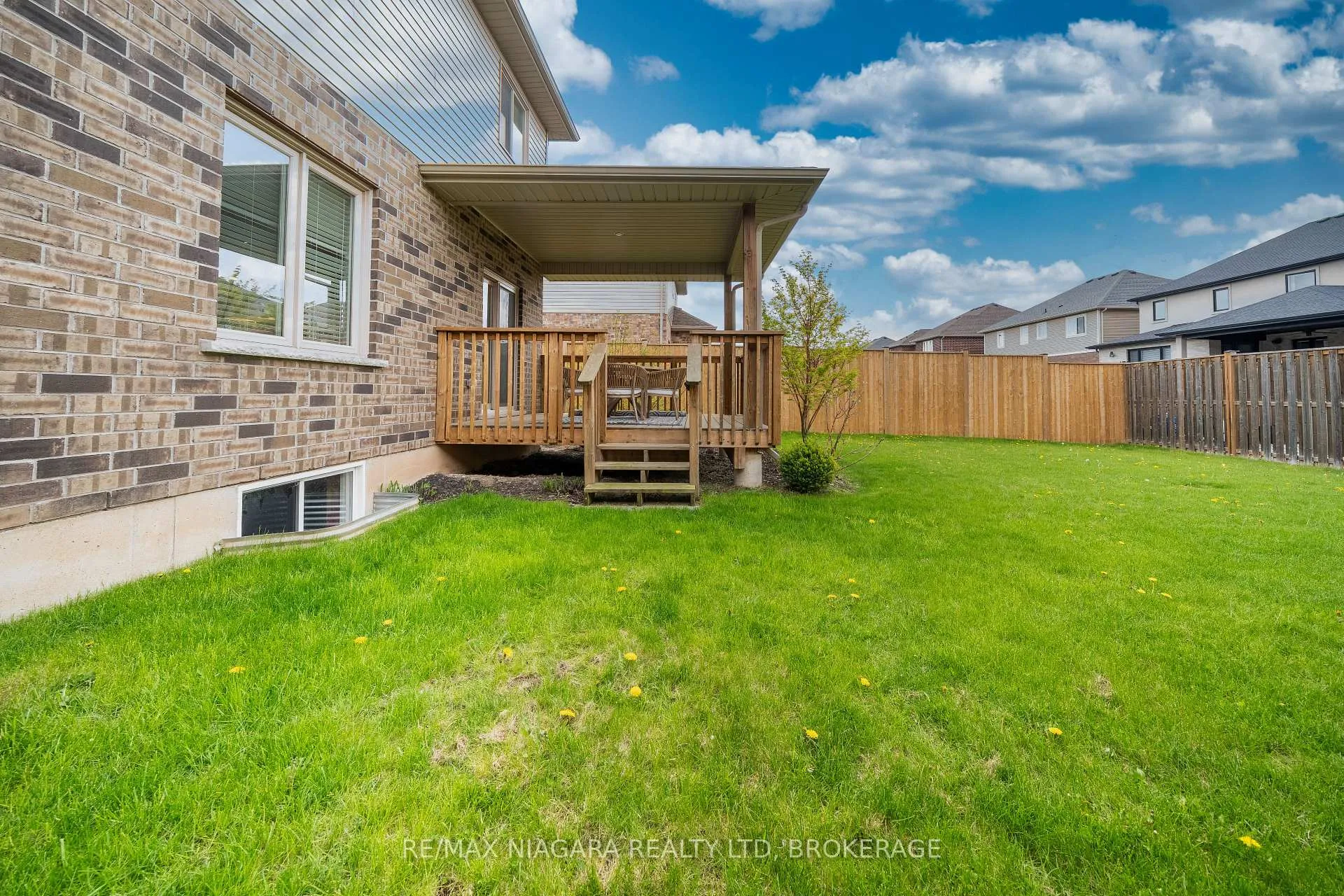 Photo 43 of 9385 Eagle Ridge Drive, Niagara Falls, Forestview — HOMEH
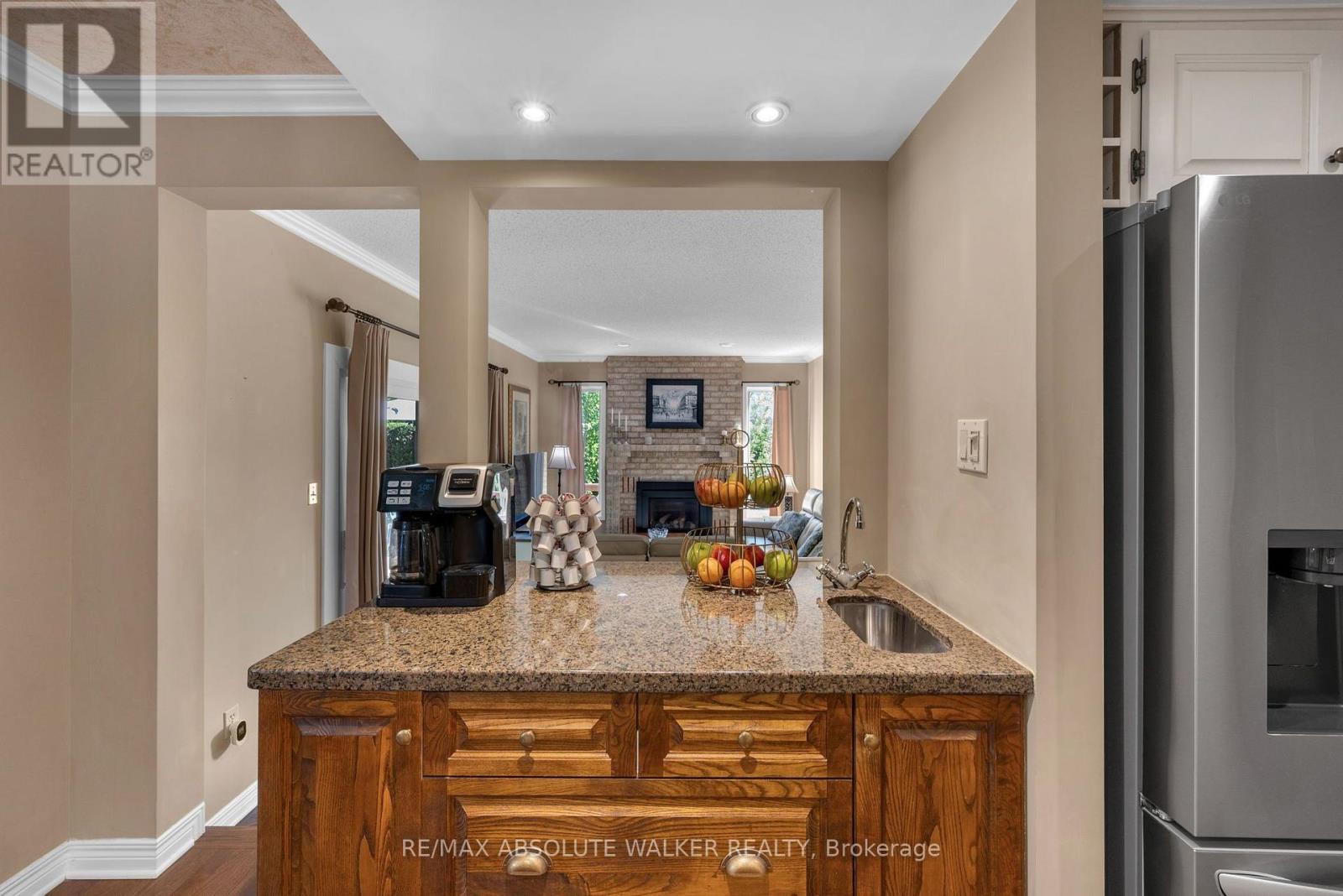 30 Elderwood Trail, Ottawa, Ontario  K2S 1C9 - Photo 10 - X13540650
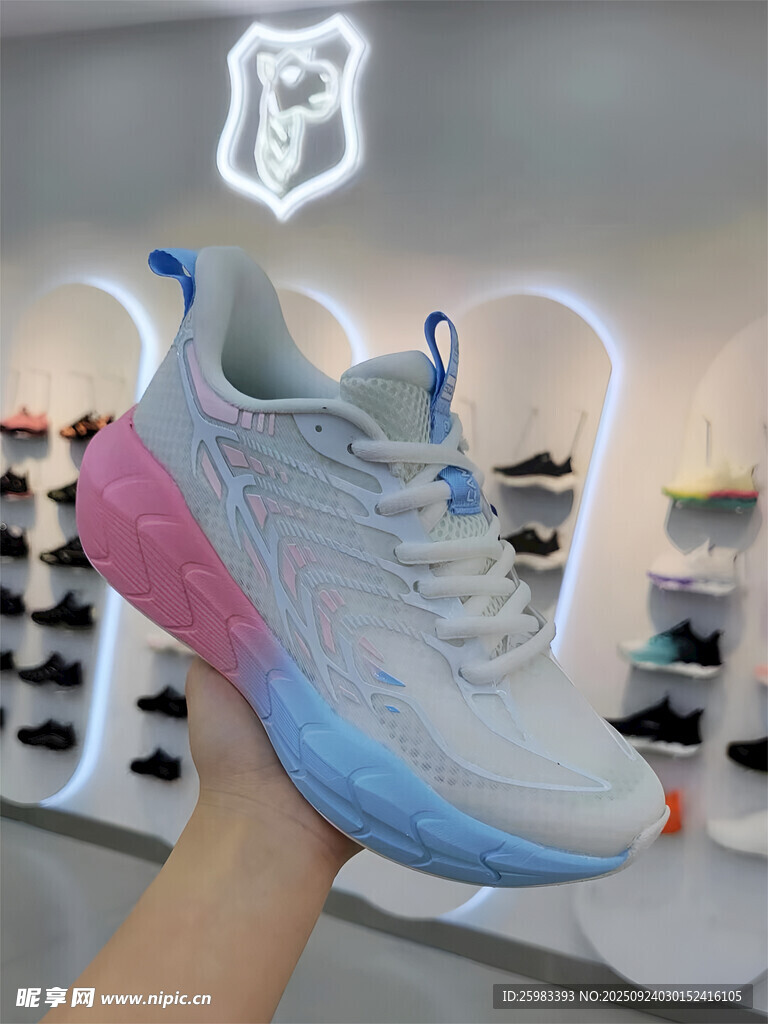 运动鞋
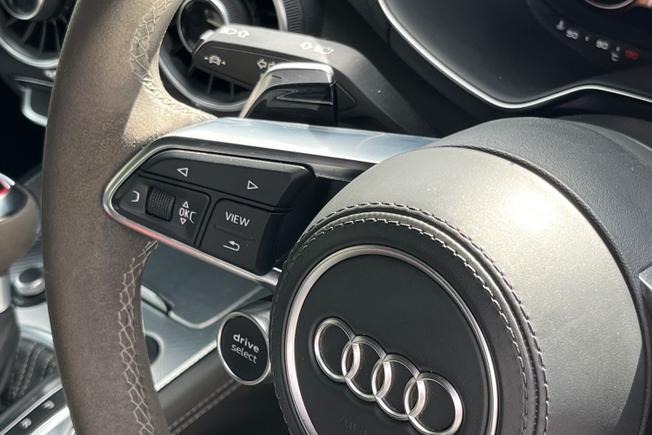AUDI Tt Rs Photo 37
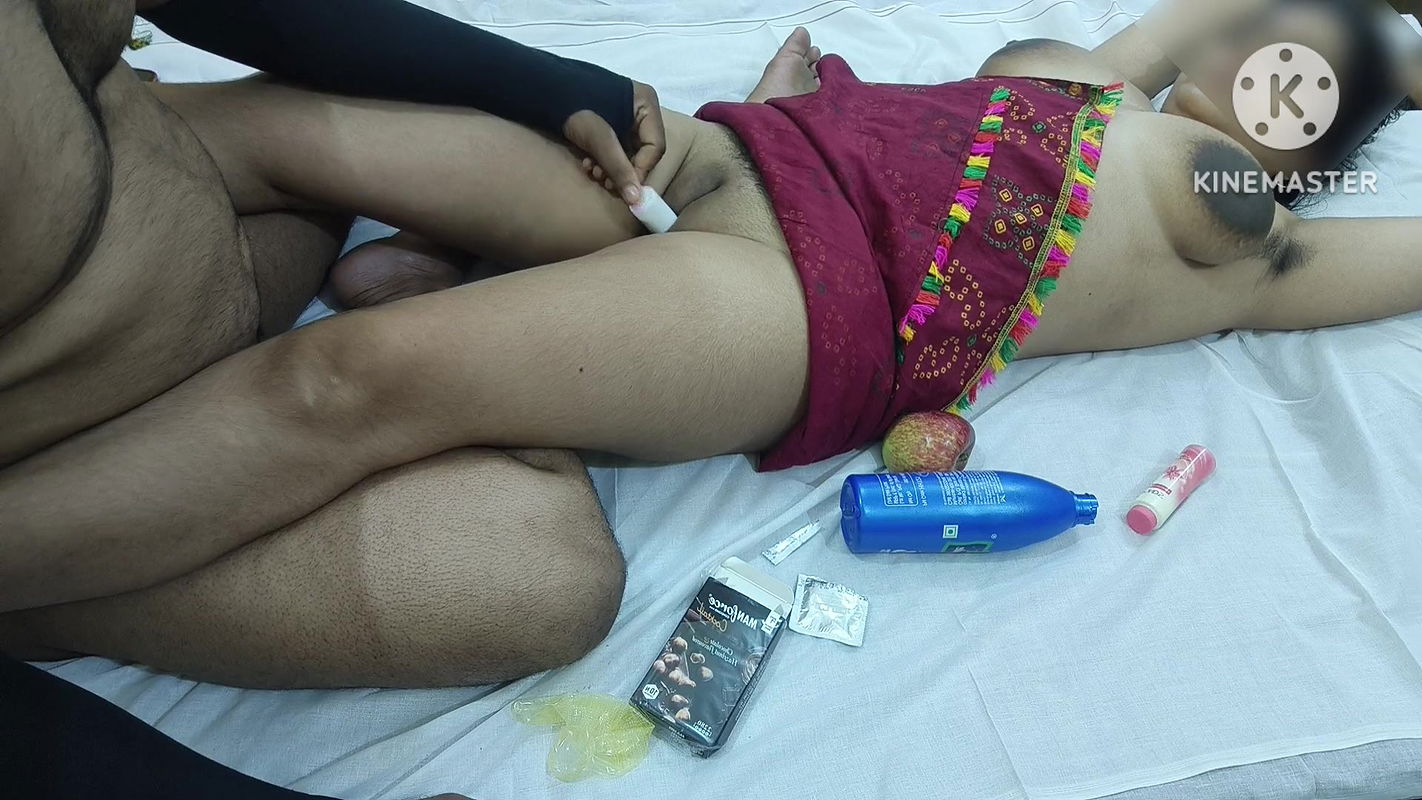 Inserting bottle banana into Indian girl pussy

::::::::::

Both the line containing "AUDI Tt Rs Photo 37" and the last line of the listing above belong in the copy, along with every line between them; retype them exactly and omit the pictures.

● Expected output:
AUDI Tt Rs Photo 37
 Inserting bottle banana into Indian girl pussy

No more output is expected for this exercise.